A little boy was having a very hard time adjusting to his new baby brother in the household. When he was told that he had to be quiet because the baby was asleep, the boy responded in all seriousness: "Well, the rest of you better be quiet, because my foot’s asleep!"
During a particularly violent thunderstorm, a mother was tucking her small child into bed when the boy stopped her from turning off the bedroom light. "Mommy, will you sleep in my bed tonight?" he asked, voice trembling. His mother smiled and said "I'm sorry, sweetie, but I have to sleep in Daddy’s bed." The boy was silent for awhile before uttering: "Daddy's a big sissy."
A woman's granddaughter had been learning her colors, so she decided that it would be fun to test her knowledge. After repeatedly asking her granddaughter what each color was and receiving correct answers, the grandmother was about to walk out of the room when her granddaughter huffily said: "You know, Grandma, you should try figuring these out for yourself once in awhile!"
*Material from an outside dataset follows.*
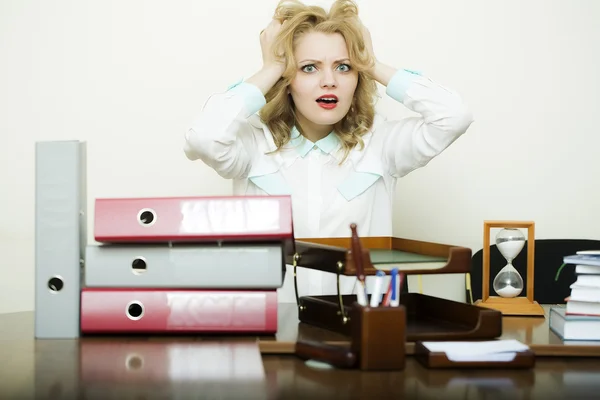 Emotionale Frau im Amt — Stockfoto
After tucking her children into bed, a mother changed out of her daytime clothing and jumped in to a nice relaxing shower. However, her shower ended quickly, as she could hear her children begin to wrestle and call each other names. By the time she had stepped out of the shower and wrapped her body and hair in some towels, the children had become quite rambunctious. Annoyed, the mother flung open the door to the bedroom and demanded that her children go to bed. As she was walking down the hall, she heard her daughter turn to her sibling and say: "Who was that?"
One day, a man was driving his daughter home after school when he accidently pressed his car horn. Embarrassed, the father admitted to his daughter that he had done it by accident. "I know, Daddy” she replied. Curious, the father asked: "How do you know?" He could barely hold in his laughter when his daughter innocently replied: "Because you didn't yell JERK afterwards."
A new neighbor asked his next-door neighbor's three-year-old daughter if she had any siblings. "No," the little girl replied. "I'm the lonely child."